The main sections in this file are: “databases”, “roles”, “users” and “warehouses”. Permifrost checks a Snowflake configuration against this specification file. It then executes the necessary SQL commands to rectify any detected deviations. Alternatively, it can also just output these SQL commands without directly executing them on the Snowflake database (using the “–dry” flag).

Most of the sections in this specification are rather self-explanatory, so we take a closer look at the “roles” section. This is also the most interesting part for most users.

Role permissions

The YAML specification file specifies permissions for databases, tables and schemas using simple “read” and “write” permissions. Thus, it abstracts away the particular “grant” mechanics for the different database objects. For example database/schema/table permissions for a specific role are specified as:

roles: 
  - role_name: 
    warehouses: 
      - ... 
    member_of: 
      - ... 
    privileges: 
      databases: 
        read: 
          - db_1
          - db_2
          - ...
        write: 
          - ... 
      schemas: 
        read: 
          - db_1.* 
          - db_2.schema_name 
          - db_3.schema_partial_*
          - ... 
        write: 
          - ... 
      tables: 
        read: 
          - db_1.*.* 
          - db_2.schema_name.* 
          - db_2.schema_partial_*.* 
          - db_3.schema_name.table_name
          - ... 
        write: 
          - ... 
   owns: 
     databases: 
       - ... 
     schemas: 
       - ... 
     tables: 
       - ... 
...

Here, the asterisk “*” is a wildcard character that can be used to grant access to:

  • all current and future tables/schemas in a database (e.g., “db_1.*.*”) or all current and future tables in a specific schema (e.g., “db_2.schema_name.*”);
  • all current and future tables in schemas matching a pattern (e.g., “db_2.schema_partial_*.*).

The advantage of this YAML specification over a SQL script is that it improves readability and is easier to maintain.

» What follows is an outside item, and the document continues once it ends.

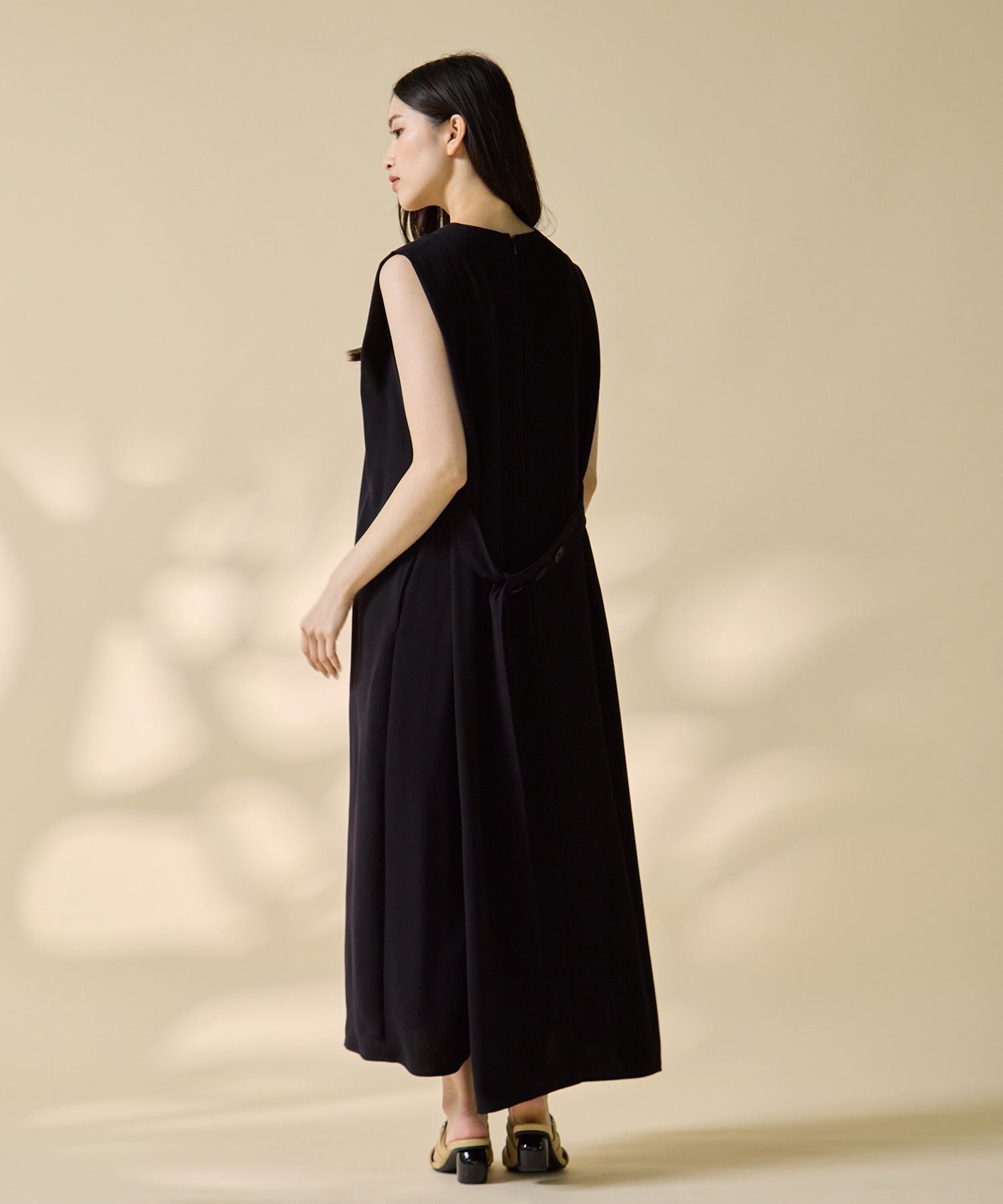 Back Satin Belted Dress STUDIOUS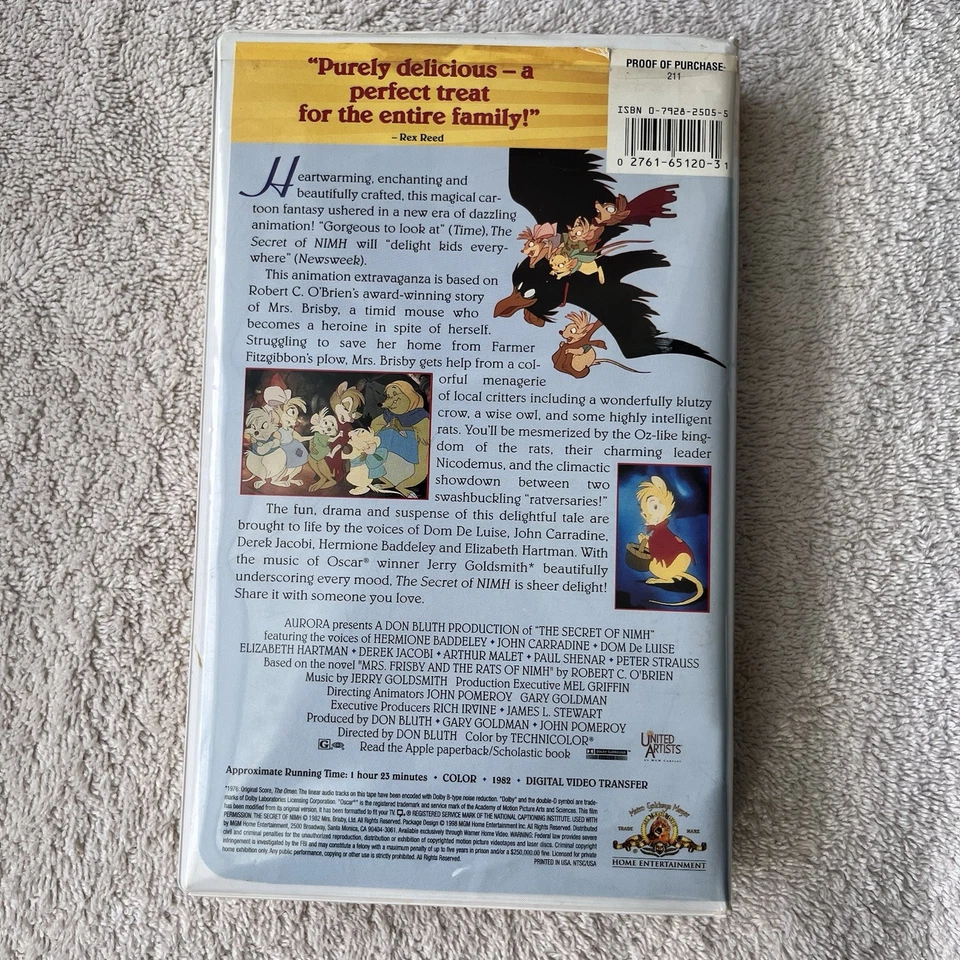 The Secret of NiMH 1982 Vintage VHS MGM Home Entertainment Kids Animated Movie - Image 2 of 4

Now that we understand the basics of the YAML specification file, let’s look at an interesting use case.

User management made easy: Permifrost + JinJa

User management is one aspect of a Snowflake configuration that can be tedious, repetitive and time consuming: we regularly have to add users + specify their roles, edit users’ roles and remove users over time.

The flexible YAML structure of Permifrost combined with a template engine such as Jinja in Python allows one to create blueprints that further simplify our life. For example, we can create the following user blueprint in a Permifrost specification file:

...
# Users
users:
{% for user, members in users.items() %}
    - {{ user }}:
      can_login: yes
      member_of:
      {% for member in members %}
        - {{ member }}
      {% endfor %}
{% endfor %}
...

Next, one can – for example – provide the users and their roles in a separate Excel file (provided by e.g., the client) and stitch the above blueprint and Excel file together using a Python script. The final result is a tailored Permifrost YAML specification file!

Conclusion

Permifrost is a nice tool that manages Snowflake configurations by abstracting away the difficult bits and keeping the essentials for us to focus on. This results in much more readable configurations in the form of YAML specification files.

We saw that one can easily create blueprint specification files by leveraging the power and flexibility of a template engine such as JinJa in Python to make e.g., user management easier.

We are further exploring the possibilities Permifrost offers and are excited to see how it further develops in the future!